Charlie "Crow Dog" Myers

I've been around music ever since I was a baby, listening to my Dad playing his guitar and singing for us in the living room. He has been the biggest musical inspiration in my life, and the times we get to play music together now are truly cherished. I grew up listing to mostly country music and "golden oldies"; my appreciation of music now includes everything from classical to classic rock and country to New Age and jazz, and ethnic, including chanting from Gregorian and Buddhist monks and the African groups such as Ladysmith Black Mambazo.
In junior high school, I learned to play alto saxophone in the band, which I continued through high school. Somewhere in there I also started to learn to play guitar so that I could play along with my Dad (I also heard it would impress the girls (grin)).
In 2002, my girlfriend Robin (who in 2003 would become my wife) came back from a trip to Sedona Arizona with a Blue Star Native American Flute. Having a love of music and a Cherokee and Choctaw ancestry, and always having an interest in the old ways, my curiosity was immediately peaked. I began to play with it a little bit, and soon bought my first flute - a 5-hole, Red Cedar flute in E minor.
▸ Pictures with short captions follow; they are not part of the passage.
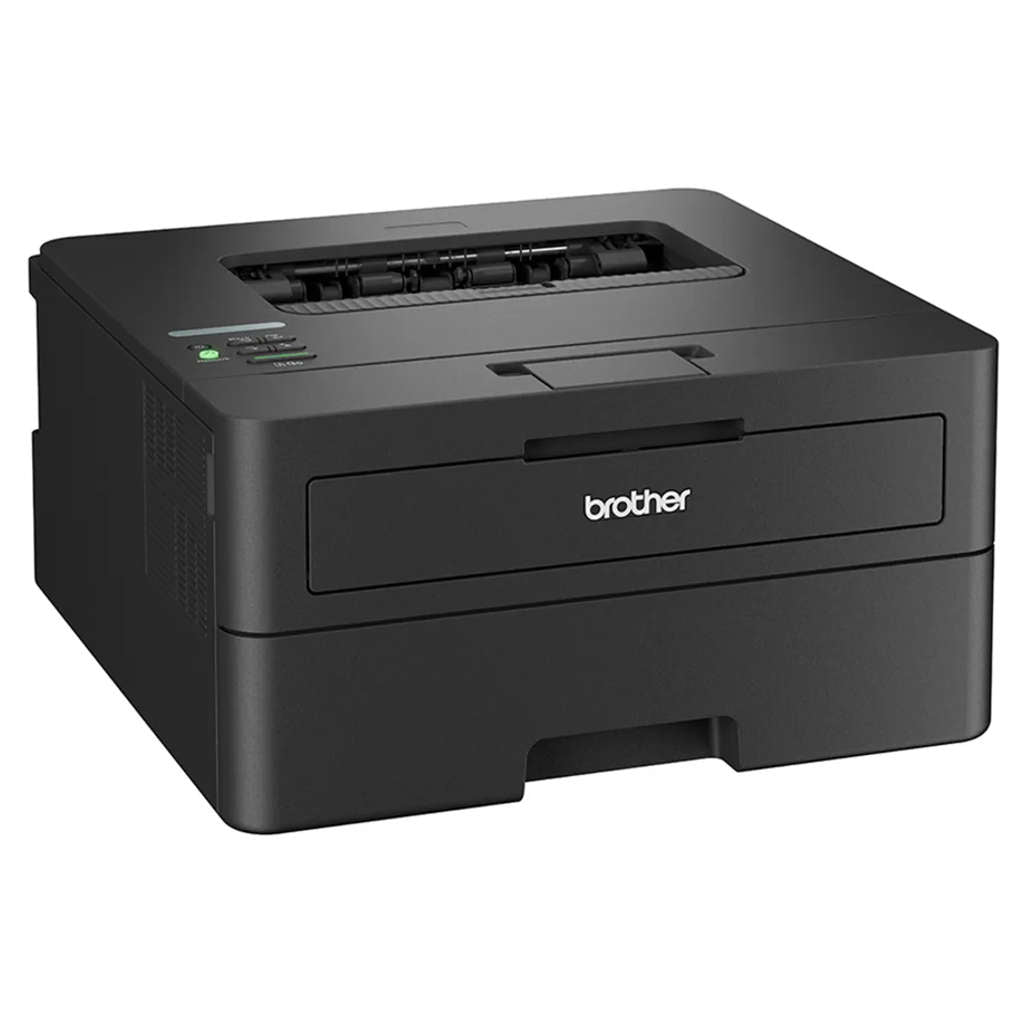 Brother Monochrome Duplex Laser Printer HL-L2460DN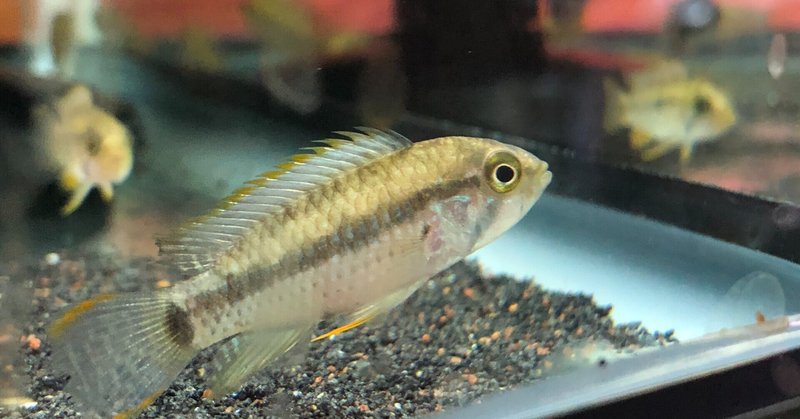 ドワーフシクリッド の新着タグ記事一覧 Note つくる つながる とどける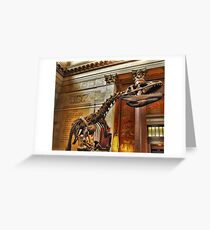 American Museum of Natural History Greeting Card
I fell in love with the sound, which ranged from slow and haunting to chirpy and energetic, and everything in between. Native American Flute music, from artists such as Mary Youngblood, Carlos Nakai and others immediately joined the list of music that I loved listening to. Soon after, a dear friend of ours invited us to the Native American Flute Circle of Louisiana, where we met others like ourselves, drawn to the Native American flute, and under the tutelage of Twohawks we learned more and improved.
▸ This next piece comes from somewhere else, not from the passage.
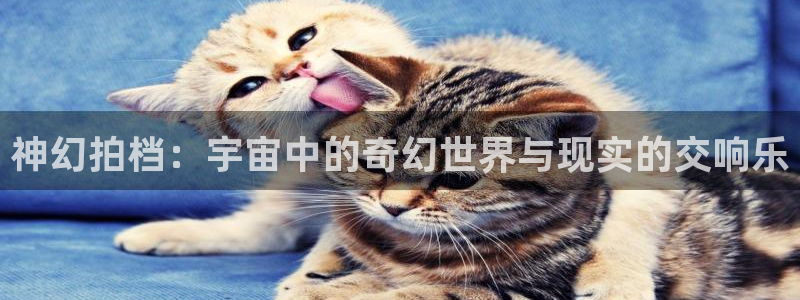 拷贝漫画网站入口：神幻拍档：宇宙中的奇幻世界与现实的交响乐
Since then I have continued to be a part of the Native American Flute Circle of Louisiana. In 2005, knowing my desire to know how things work and my passion for "doing it myself", as an anniversary gift my wife enrolled me in a flute-making workshop with Raymond Redfeather at Musical Echoes, an annual Native American Flute festival in Ft. Walton Beach, Florida. With Raymond's guidance I made my first flute - a beautifully-sounding, 6-hole in G minor. I've also begun playing the djembe, an African drum, to accompany the flute players in our group when desired. Finally, in late 2004, my wife and I attended a workshop by Phil Jones on playing the Australian didgeridoo, and we each bought one on the spot. Since then, 2 more didgeridoos have joined my ever-growing collection of 4 flutes, a djembe, and a guitar.
In 2005, I was honored to participate on Twohawks' debut CD, "Sends A Voice", and then again in 2006 on his follow-up CD "Changes".